### ACTIVITY:
Could you repeat the entries below exactly, but only from the line with "Hyundai KONA 1.6" through the line with "Trilene XT Monofilament", and without any picture?

### RAW DATA:
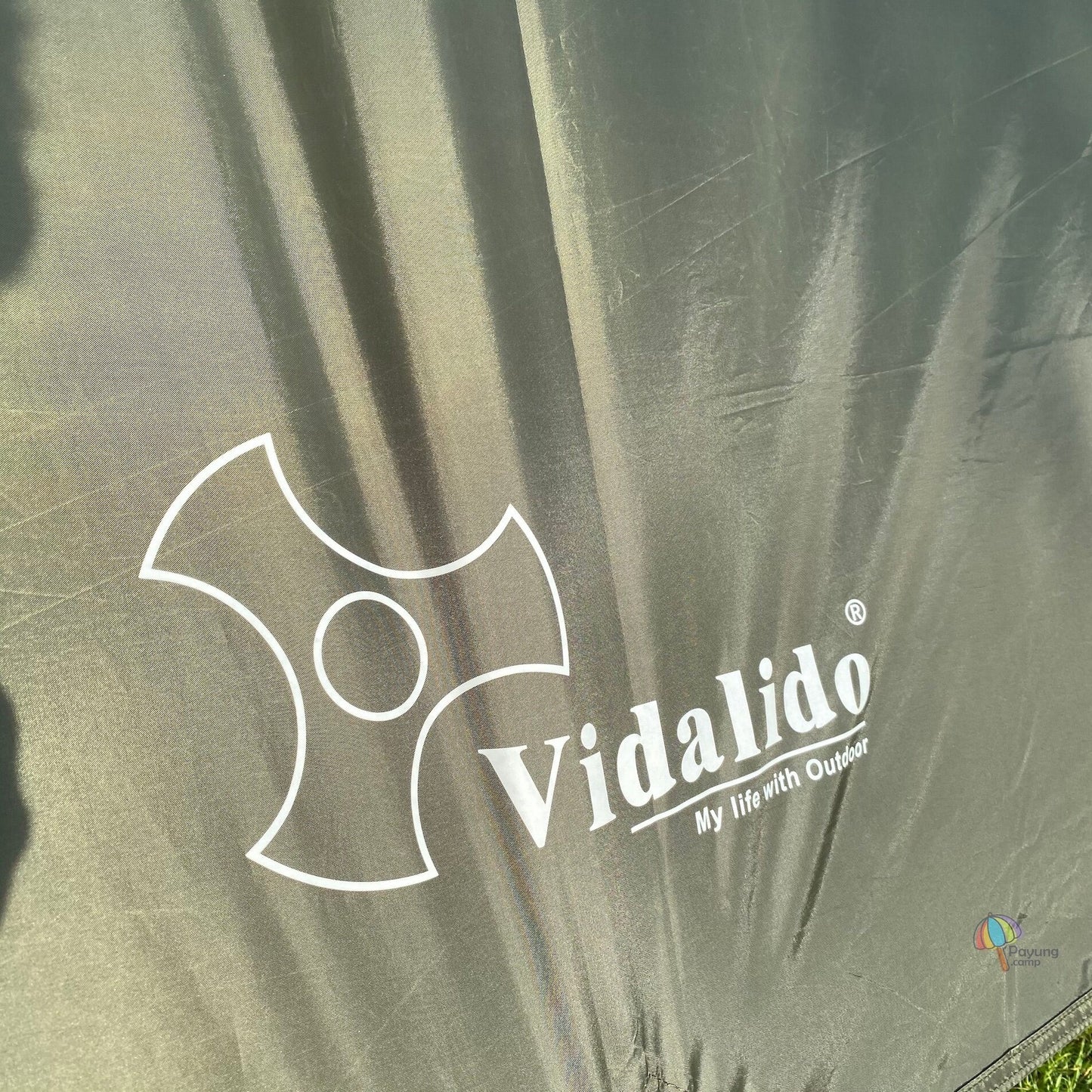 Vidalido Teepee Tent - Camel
==
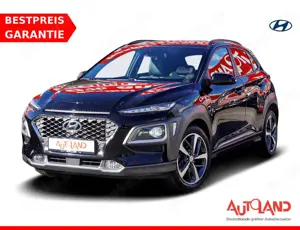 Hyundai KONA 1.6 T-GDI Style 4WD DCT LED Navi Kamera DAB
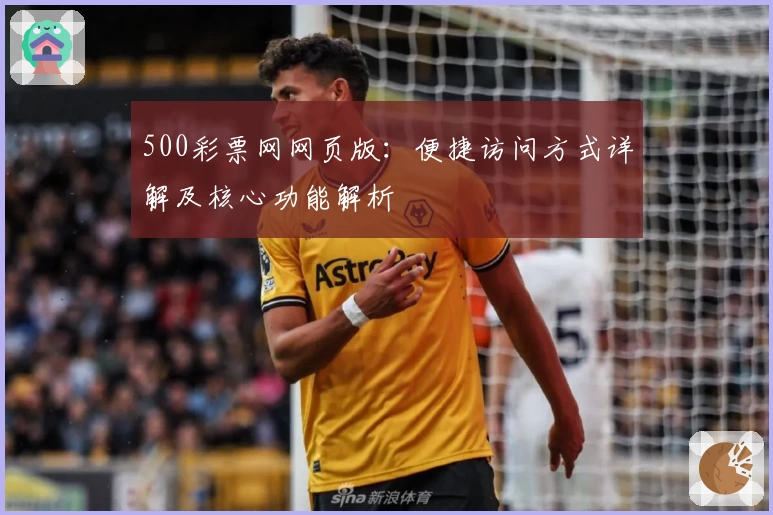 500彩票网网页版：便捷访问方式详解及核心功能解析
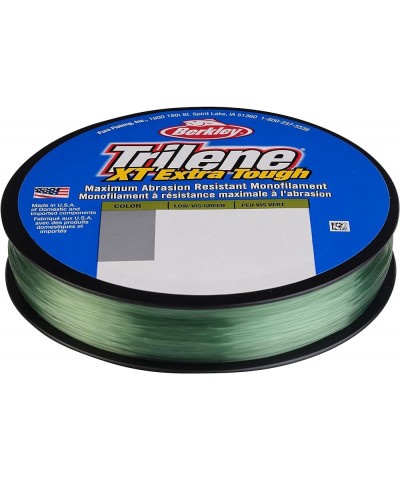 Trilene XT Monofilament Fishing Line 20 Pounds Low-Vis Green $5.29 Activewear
--
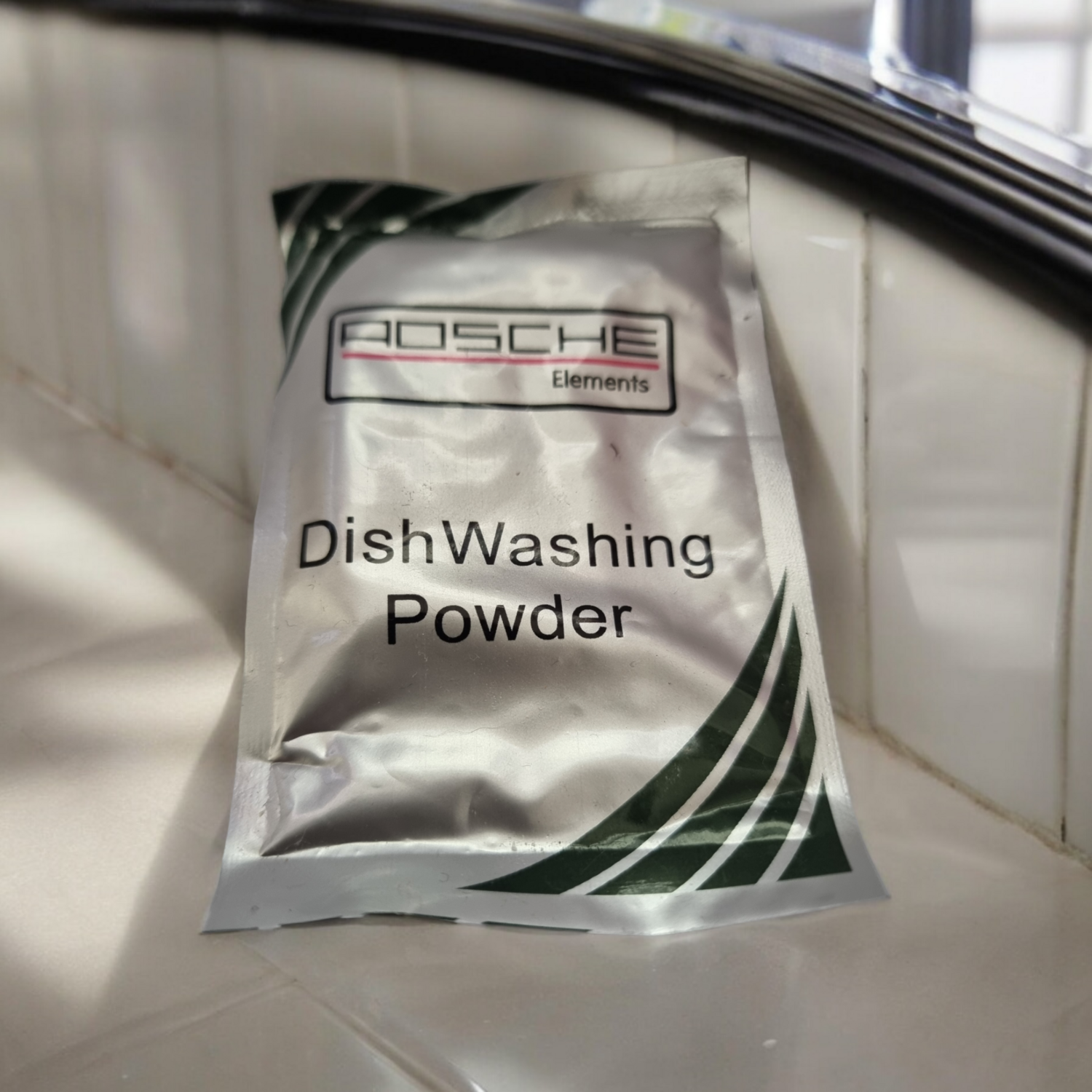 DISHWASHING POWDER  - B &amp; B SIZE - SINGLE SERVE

### REPLY:
 Hyundai KONA 1.6 T-GDI Style 4WD DCT LED Navi Kamera DAB
 500彩票网网页版：便捷访问方式详解及核心功能解析
 Trilene XT Monofilament Fishing Line 20 Pounds Low-Vis Green $5.29 Activewear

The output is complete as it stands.